**BRIEF**: Transcribe the listing that follows in full, exactly, and drop its images.

**RECORDED INFORMATION**:
______

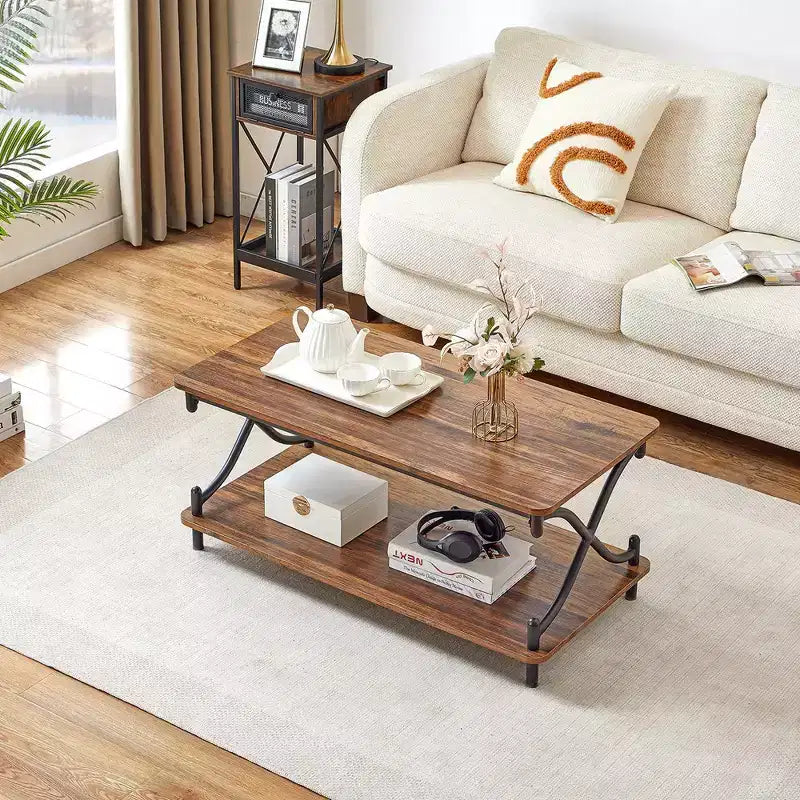 Table basse en bois avec rangements et étagères ouvertes Table rectangulaire moderne avec cadre en X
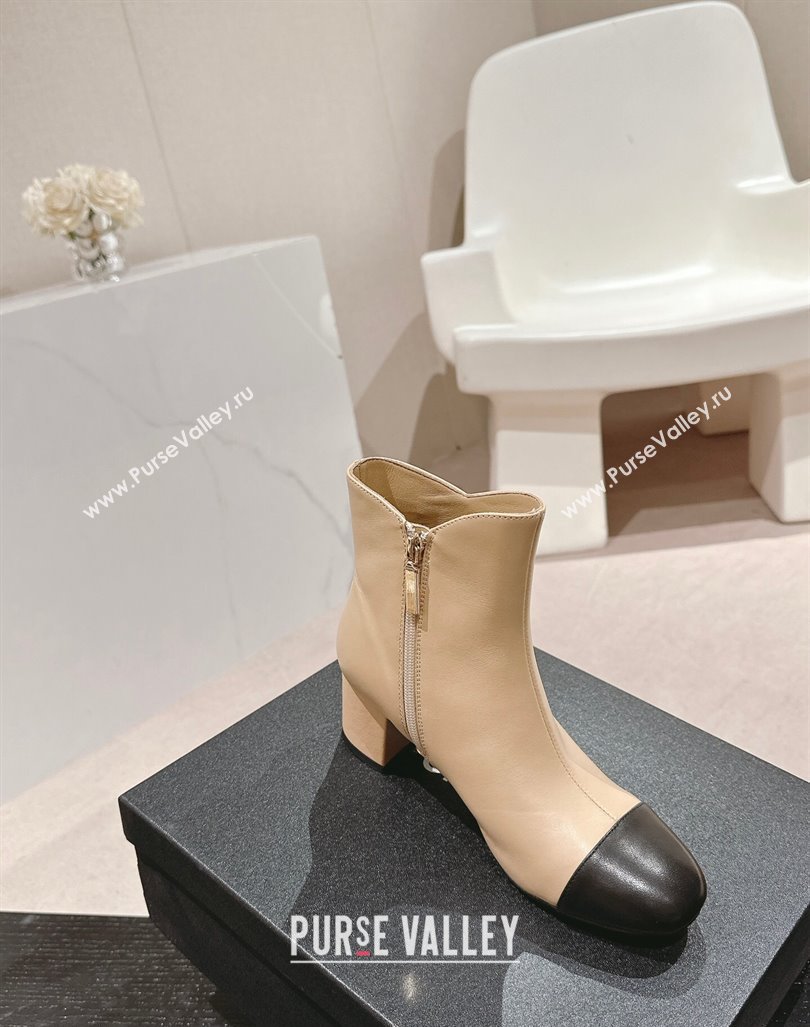 Chanel Calfskin Ankle Boots with Stone CC Beige 2024 CH101612 (MD-241016046)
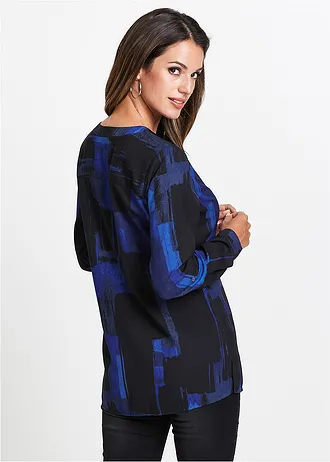 Chemisier long imprimé en mousseline • bleu saphir + noir • Boutique bonprix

______

**ANSWER SECTION**:
 Table basse en bois avec rangements et étagères ouvertes Table rectangulaire moderne avec cadre en X
 Chanel Calfskin Ankle Boots with Stone CC Beige 2024 CH101612 (MD-241016046)
 Chemisier long imprimé en mousseline • bleu saphir + noir • Boutique bonprix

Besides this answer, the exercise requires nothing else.